Caption-style text data
Content starts

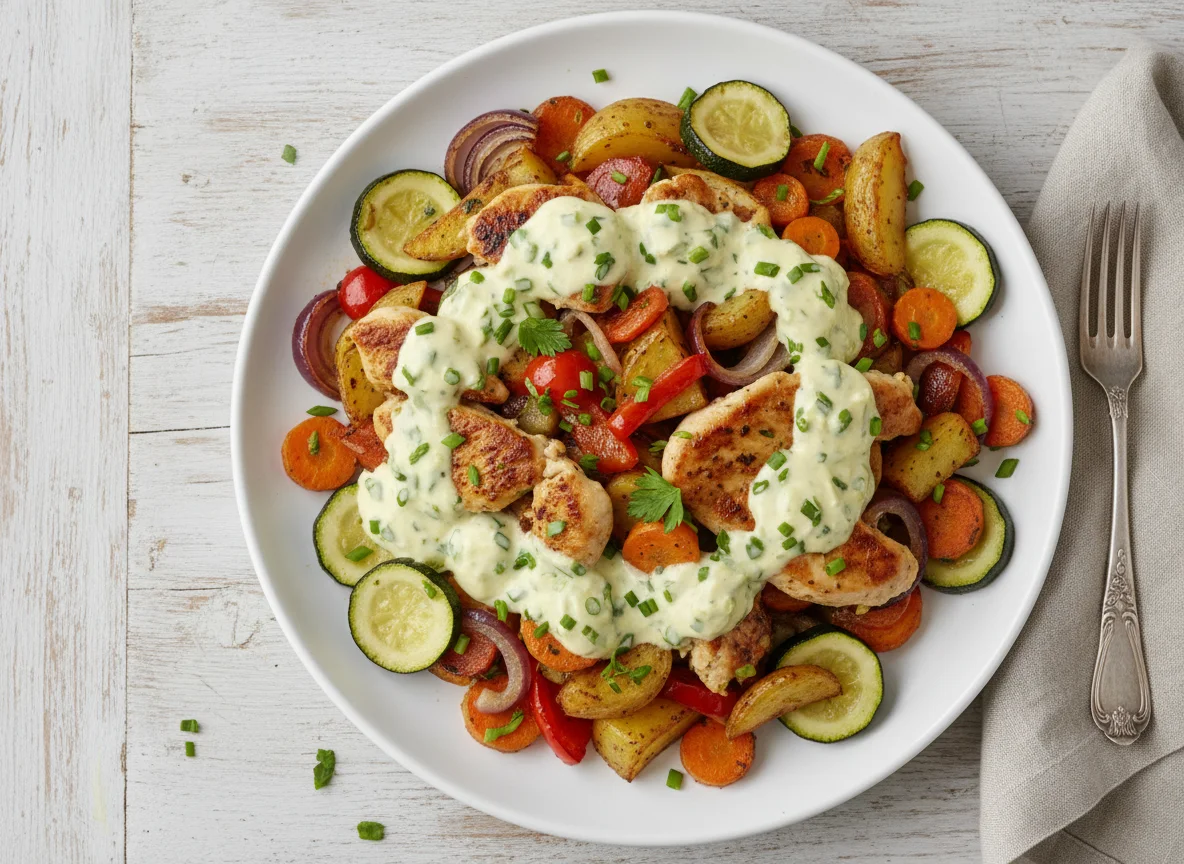 Gemüsepfanne mit Hähnchen und Sahnesauce photo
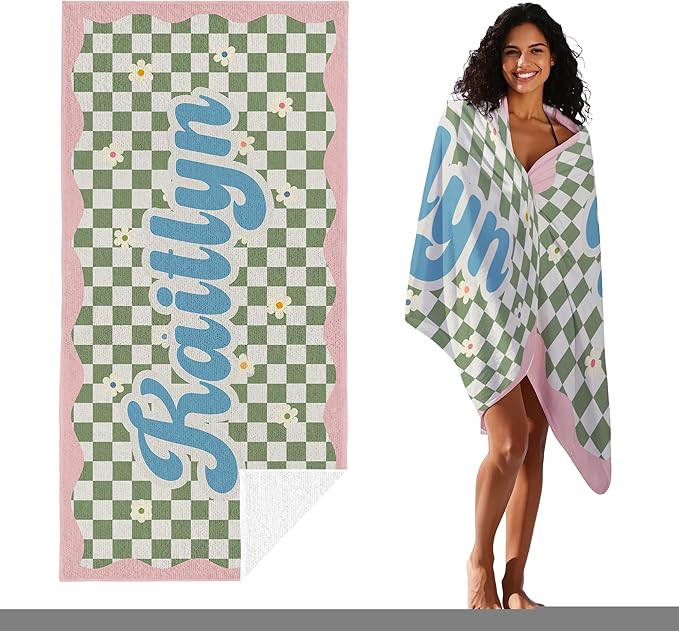 JML Personalized Beach Towel with Name, Custom Flower Beach Towel, Customized Microfiber Pool Towel, Quick Dry & Absorbent Swim Towel for Adult,Anniversary, Birthday, Summer Holiday,Vacation-StrideForce Fitness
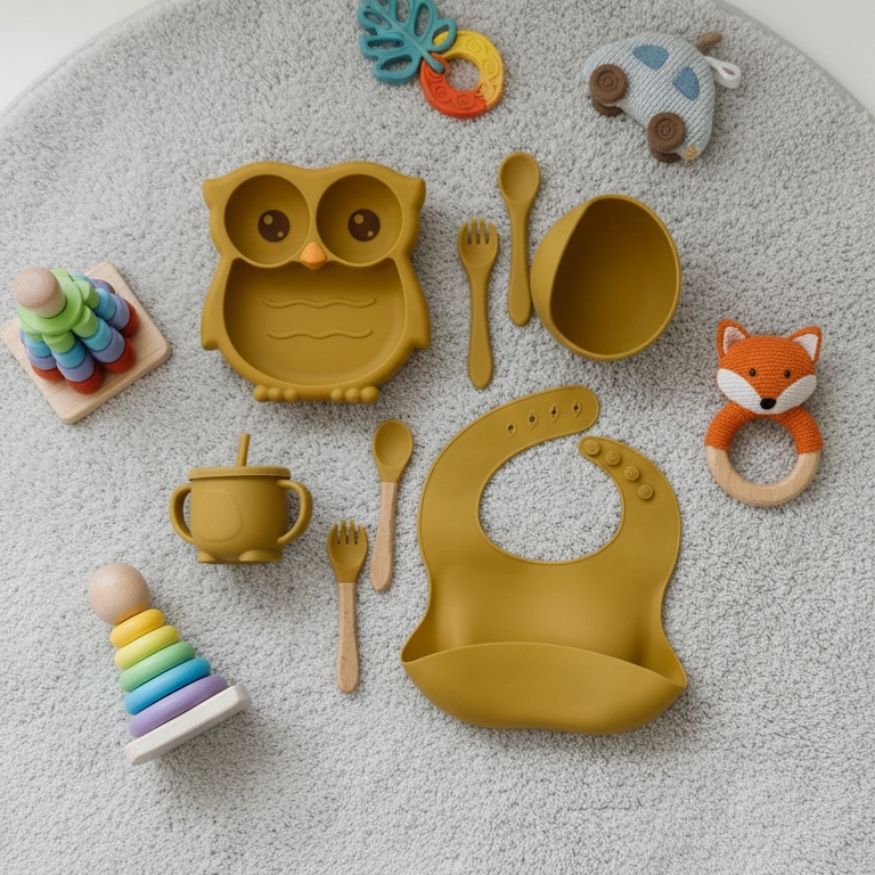 Silicone Baby Feeding Set – 7-Piece Owl  Design Tableware with Suction Plate, Sippy Cup & Utensils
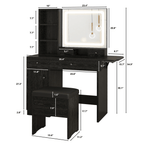 LIKIMIO 54.9” Lighted Make Up Vanity Set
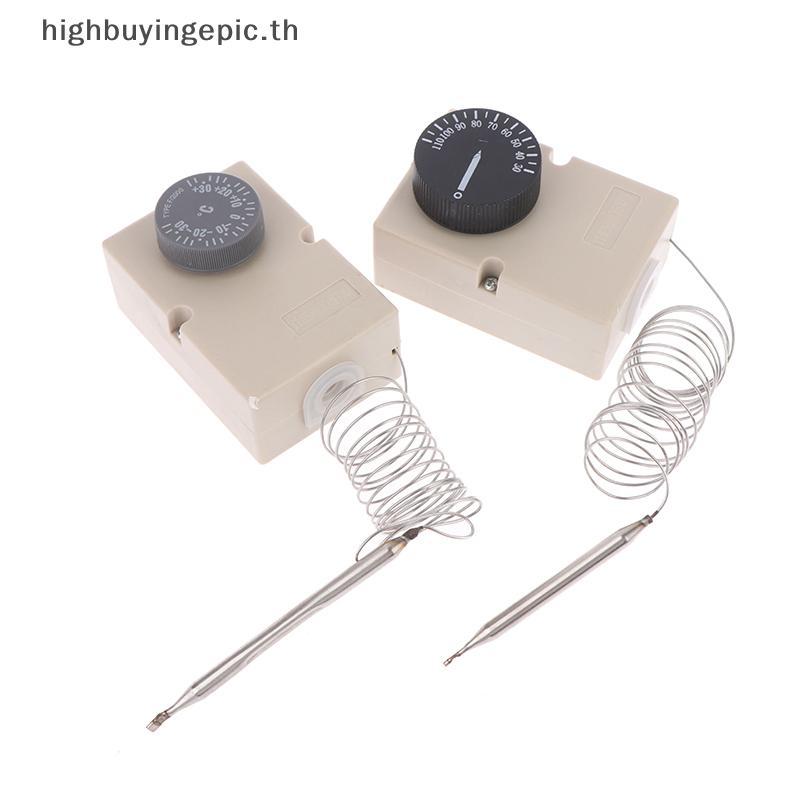 HETH สําหรับอุปกรณ์ไฟฟ้าลูกบิดอุณหภูมิสวิทช์ Capillary Thermostat 50-300C 0-60C 0-50C 0-40C 30-110C 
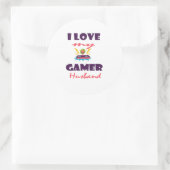 Ik hou van mijn Gamer Man Funny Gaming T-Shirt Ronde Sticker (Tas)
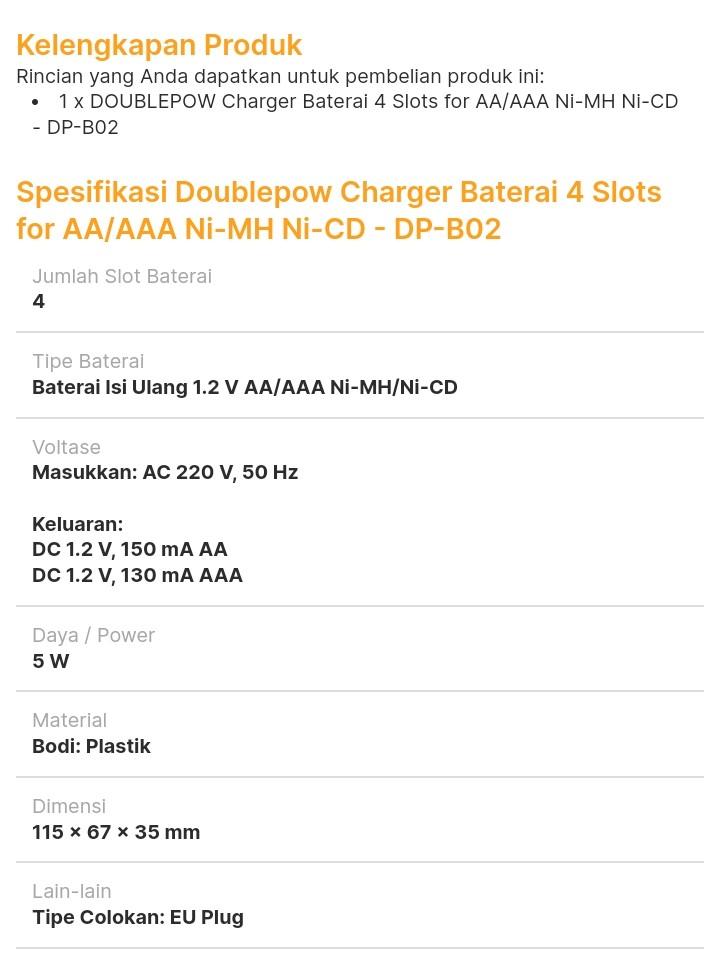 Product Introduction of PROMO Bayar Ditempat Original 100% DOUBLEPOW Charger Baterai 4 slot AA/AAA Tanpa Batre- DB-B02 CHARGER BATERAI BISA COD/ CASAN BATRE A2 DAN A3 4 SLOT BATERAI 3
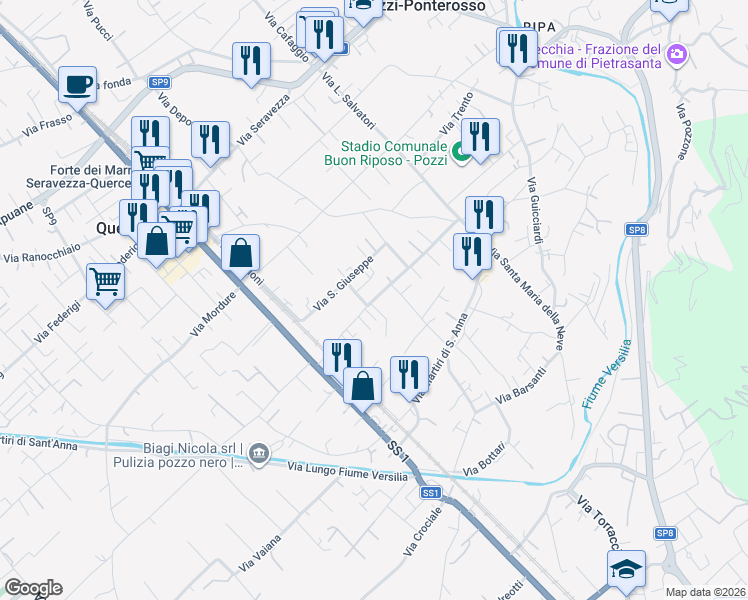 map of restaurants, bars, coffee shops, grocery stores, and more near 302 Via Madonnina dei Pagliai in Ripa- Pozzi-Ponterosso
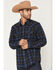 Image #2 - Moonshine Spirit Men's Stage Light Plaid Print Long Sleeve Snap Flannel Shirt, Blue, hi-res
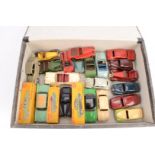 Postwar Playworn/Repainted or Retouched Dinky Cars, three with boxes, 157 Jaguar XK120 Coupe, 165
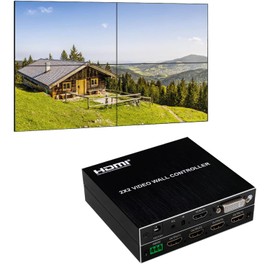 2x2 Video Wall Controller | 1080P | HDMI & DVI Inputs; HDMI Outputs | 8 Display Modes - 2x2, 1x2, 1x3, 1x4, 2x1, 3x1, 4x1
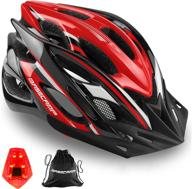 🚲 enhanced safety and convenience: basecamp specialized bike helmet with led light, removable visor, and portable bag - adjustable cycling helmet for adult men & women - road & mountain logo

Content ends

Copy the data word for word, no pictures.

Result of the exercise:
 Gemüsepfanne mit Hähnchen und Sahnesauce photo
 JML Personalized Beach Towel with Name, Custom Flower Beach Towel, Customized Microfiber Pool Towel, Quick Dry & Absorbent Swim Towel for Adult,Anniversary, Birthday, Summer Holiday,Vacation-StrideForce Fitness
 Silicone Baby Feeding Set – 7-Piece Owl  Design Tableware with Suction Plate, Sippy Cup & Utensils
 LIKIMIO 54.9” Lighted Make Up Vanity Set
 HETH สําหรับอุปกรณ์ไฟฟ้าลูกบิดอุณหภูมิสวิทช์ Capillary Thermostat 50-300C 0-60C 0-50C 0-40C 30-110C 
 Ik hou van mijn Gamer Man Funny Gaming T-Shirt Ronde Sticker (Tas)
 Product Introduction of PROMO Bayar Ditempat Original 100% DOUBLEPOW Charger Baterai 4 slot AA/AAA Tanpa Batre- DB-B02 CHARGER BATERAI BISA COD/ CASAN BATRE A2 DAN A3 4 SLOT BATERAI 3
 map of restaurants, bars, coffee shops, grocery stores, and more near 302 Via Madonnina dei Pagliai in Ripa- Pozzi-Ponterosso
 Image #2 - Moonshine Spirit Men's Stage Light Plaid Print Long Sleeve Snap Flannel Shirt, Blue, hi-res
 Postwar Playworn/Repainted or Retouched Dinky Cars, three with boxes, 157 Jaguar XK120 Coupe, 165
 2x2 Video Wall Controller | 1080P | HDMI & DVI Inputs; HDMI Outputs | 8 Display Modes - 2x2, 1x2, 1x3, 1x4, 2x1, 3x1, 4x1
 🚲 enhanced safety and convenience: basecamp specialized bike helmet with led light, removable visor, and portable bag - adjustable cycling helmet for adult men & women - road & mountain logo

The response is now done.